Task to complete ▸ When you reach the line that holds "MYTRIDENT Blue Green", start copying exactly and keep going through the final line of the data, leaving out pictures.
====== Input records ======
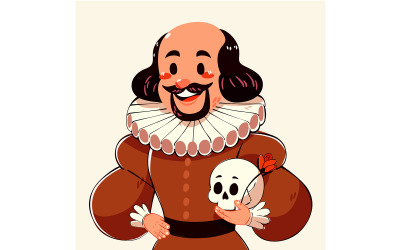 William Shakespeare Kafatası ve Çiçek Tutuyor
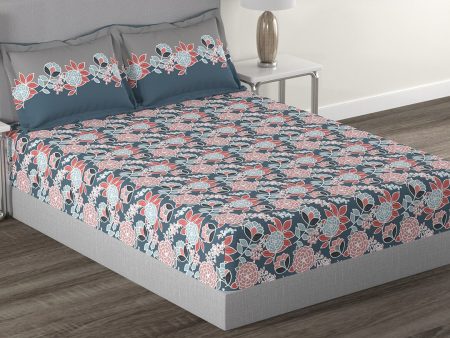 MYTRIDENT Blue Green Floral Cotton 144 TC Queen Bedsheet With 2 Pillow Covers Online Hot Sale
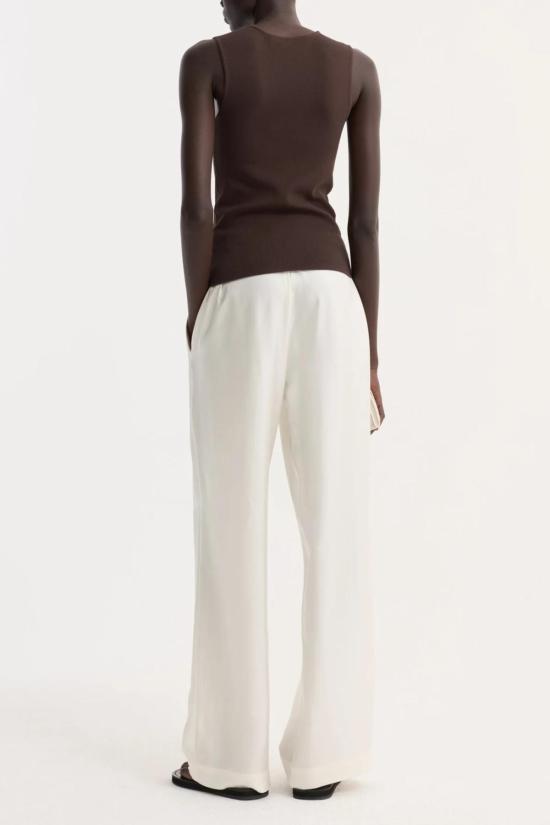  로에 민소매 티셔츠 로헤 뷔스티에 형태 니트 탑 다크 초코 - ROHE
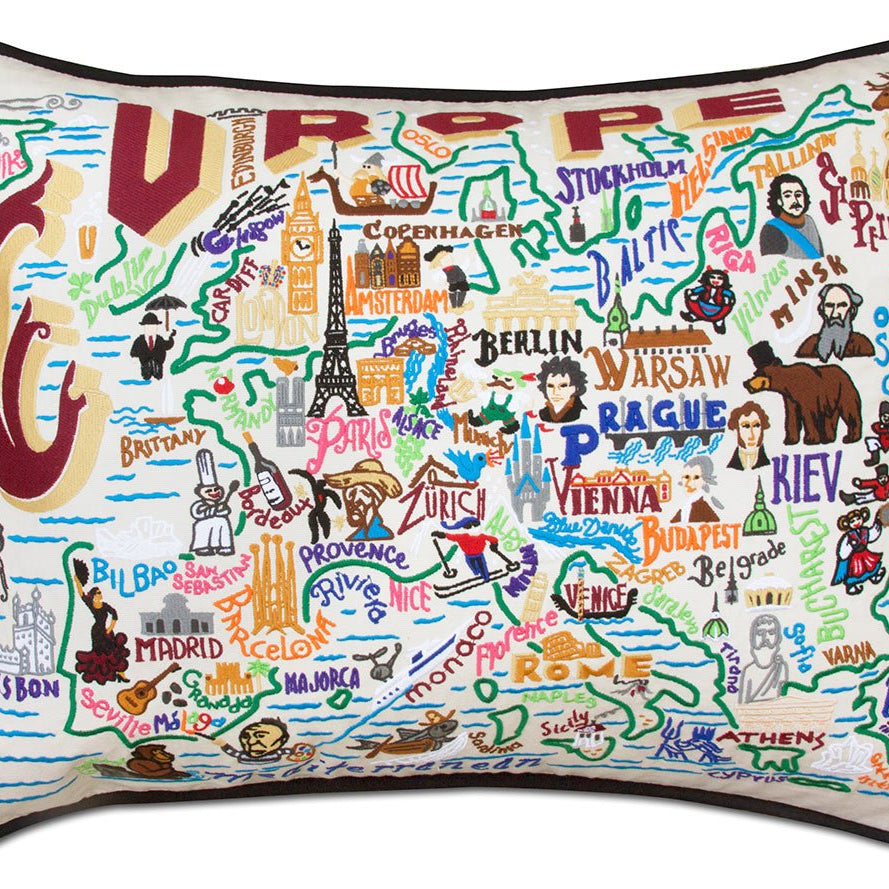 European Charm hand-embroidered throw pillow with artisan decorative design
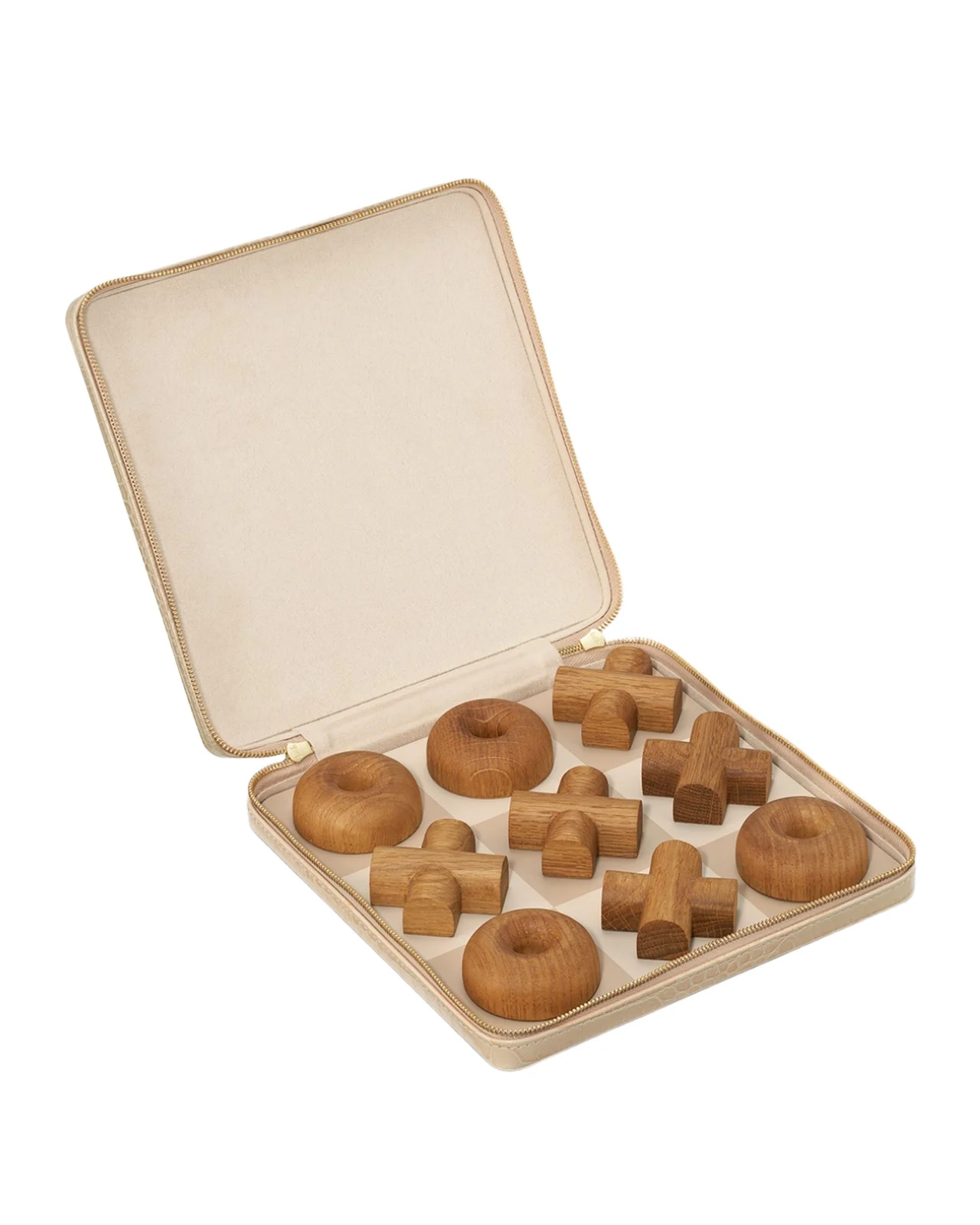 AERIN Enzo Leather Travel Tic-Tac-Toe Set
======
Result of this task ▸
 MYTRIDENT Blue Green Floral Cotton 144 TC Queen Bedsheet With 2 Pillow Covers Online Hot Sale
  로에 민소매 티셔츠 로헤 뷔스티에 형태 니트 탑 다크 초코 - ROHE
 European Charm hand-embroidered throw pillow with artisan decorative design
 AERIN Enzo Leather Travel Tic-Tac-Toe Set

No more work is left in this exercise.